Seorang ibu (NW) membunuh anaknya (GW) yang berusia 5 tahun dengan menyemprotkan obat nyamuk ke wajahnya dan membekap kepalanya dengan plastik. Belakangan juga sedang gempar, berita seorang suami yang menembak mati istrinya, tak puas hanya satu, tapi dengan enam peluru. Ada apa?
Wartapilihan.com, Jakarta –Di dalam keluarga sebagai unit terkecil terkandung unsur ayah, ibu dan anak sebagai penopang satu sama lainnya. Sebagai orang terdekat, sering terjadi percikan konflik yang ternyata dapat berujung maut.
Hal ini menurut Reza Indragiri Amriel, pakar psikologi forensik, sosok terdekat justru dapat menjadi sosok yang paling mengganggu. Pada kasus ibu yang membunuh anaknya, misalnya, Reza mengatakan, tidak begitu mudah bagi seorang perempuan mencari perlawanan.

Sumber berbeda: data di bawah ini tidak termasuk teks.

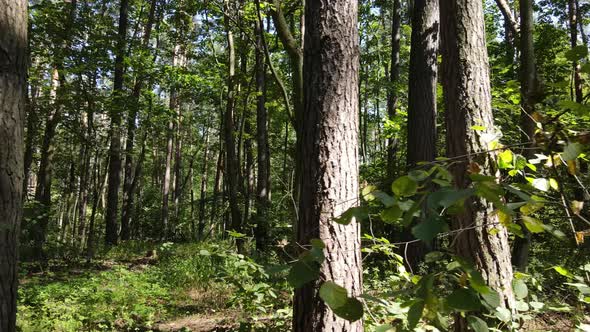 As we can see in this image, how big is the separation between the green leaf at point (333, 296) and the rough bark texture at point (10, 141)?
3.01 metres

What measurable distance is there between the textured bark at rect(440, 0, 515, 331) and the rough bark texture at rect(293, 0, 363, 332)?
1001 mm

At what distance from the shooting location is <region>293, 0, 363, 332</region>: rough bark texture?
8.52ft

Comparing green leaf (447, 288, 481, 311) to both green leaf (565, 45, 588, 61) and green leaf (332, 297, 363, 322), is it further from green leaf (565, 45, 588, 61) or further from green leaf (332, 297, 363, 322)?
green leaf (565, 45, 588, 61)

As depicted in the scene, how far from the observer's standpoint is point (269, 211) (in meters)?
12.3

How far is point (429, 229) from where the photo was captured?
808 millimetres

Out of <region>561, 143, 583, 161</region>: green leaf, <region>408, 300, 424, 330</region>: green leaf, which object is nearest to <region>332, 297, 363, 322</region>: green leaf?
<region>408, 300, 424, 330</region>: green leaf

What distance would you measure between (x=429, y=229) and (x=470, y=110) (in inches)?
118

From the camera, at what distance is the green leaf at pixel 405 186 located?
0.97 metres

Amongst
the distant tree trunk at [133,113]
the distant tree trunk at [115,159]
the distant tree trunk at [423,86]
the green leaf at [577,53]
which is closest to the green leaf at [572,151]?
the green leaf at [577,53]

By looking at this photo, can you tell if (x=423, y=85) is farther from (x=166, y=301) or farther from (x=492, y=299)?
(x=492, y=299)

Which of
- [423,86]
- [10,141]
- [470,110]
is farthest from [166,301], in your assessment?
[470,110]

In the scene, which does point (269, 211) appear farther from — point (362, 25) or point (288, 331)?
point (362, 25)

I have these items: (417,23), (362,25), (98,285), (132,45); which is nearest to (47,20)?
(132,45)

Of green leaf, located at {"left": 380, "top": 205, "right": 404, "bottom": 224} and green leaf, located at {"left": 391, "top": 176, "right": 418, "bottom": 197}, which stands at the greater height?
green leaf, located at {"left": 391, "top": 176, "right": 418, "bottom": 197} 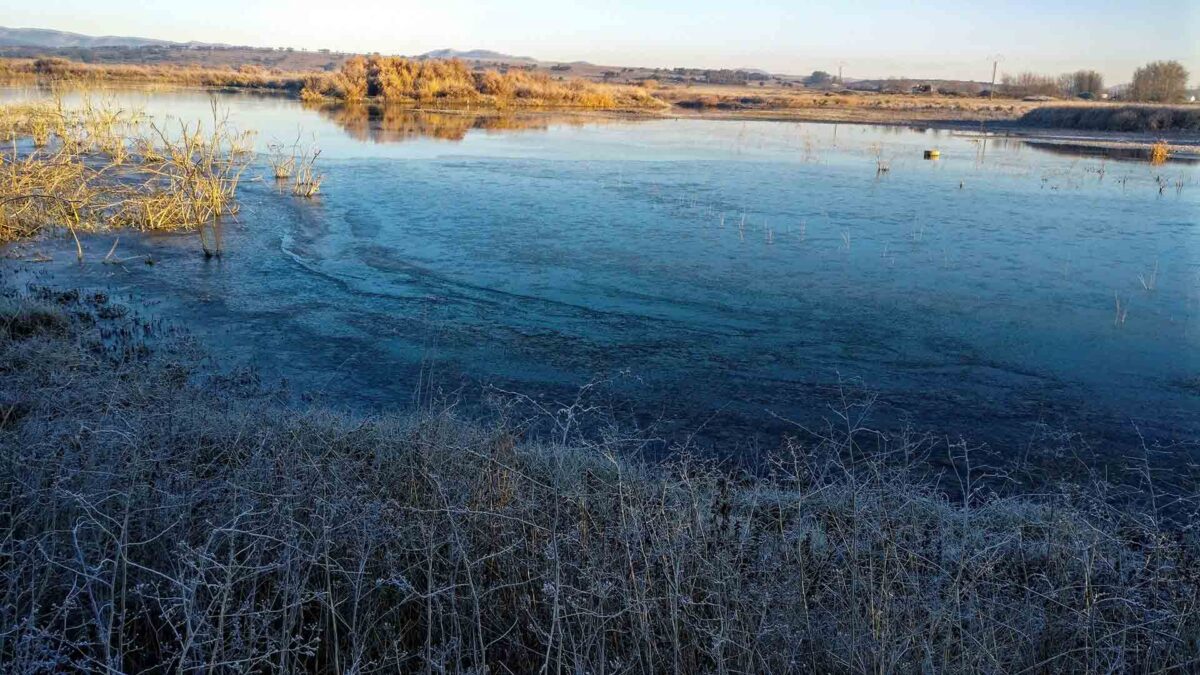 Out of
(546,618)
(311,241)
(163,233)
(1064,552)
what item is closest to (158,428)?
(546,618)

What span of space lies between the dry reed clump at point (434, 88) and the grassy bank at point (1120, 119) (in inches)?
806

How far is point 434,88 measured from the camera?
4394 cm

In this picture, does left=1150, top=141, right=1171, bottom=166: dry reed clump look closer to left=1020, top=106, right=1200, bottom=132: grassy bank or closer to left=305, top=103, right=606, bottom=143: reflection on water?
left=1020, top=106, right=1200, bottom=132: grassy bank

“Dia (bisa saja) dilarang bicara atau cerita kepada siapapun, sehingga tekanan batin semakin menumpuk. Maka, terjadilah perilaku pelampiasan kepada target yang lain, anak misalnya,” kata Reza.
Ia menambahkan, perilaku yang dapat jadi pelampiasan tersebut bertingkat-tingkat, yakni dari tataran yang sangat sepele hingga yang paling berat. “Dari yang sepele, berat, semakin parah. Awalnya celotehan, bentakan, naik lagi jadi pukulan. Bereskalasi lagi menjadi menggunakan senjata tajam,” tutur dia.
Sementara itu, pada kasus suami yang membunuh istrinya disinyalir karena adanya tekanan dari obat yang diminumnya, juga sifat sang suami yang kasar dan keras. Pada Senin, (13/11/2017), dilakukan rekonstruksi ulang pembunuhan di ruangan terbuka dengan 23 adegan. Tak dinyana, banyak pihak yang berteriak dan memaki sang suami tersebut.
Mereka tak terima atas perlakuan penembakan yang termasuk dalam kekerasan hingga sang istri yang seprofesi dengannya berupa dokter meregang nyawa akibat enam buah peluru yang bersarang di sekujur tubuhnya.
Reza mengatakan, kondisi sang suami bisa saja karena memendam amarah yang berlarut-larut. Pasalnya, tidak hanya satu peluru, tetapi sampai enam peluru yang ia tembakkan. “Ada rasa puas di situ (bagi pelaku), sehingga tidak cukup satu peluru,” tukas Reza.
Adapun tekanan sosial yang ia alami, Reza mengungkapkan, akan ada penyesalan. Namun sebelum penyesalan tersebut, ada gerbang berupa pelaku yang mulai menyadari bahwa terjadi konsekuensi buruk, salah satunya caci-maki ketika ia melakukan rekonstruksi ulang bersama kepolisian.
“Seorang pelaku kejahatan bisa shock ketika dia tahu ada konsekuensi buruk, baru masuk ke gerbang penyesalan,” tandas Reza.
Sedangkan daya tahan terhadap tekanan, setiap pelaku memiliki daya tahannya masing-masing terhadap rasa stres tersebut. “Jika stres itu tidak di-manage, maka bukan tidak mungkin akan semakin mengarah pada gangguan jiwa,” pungkasnya.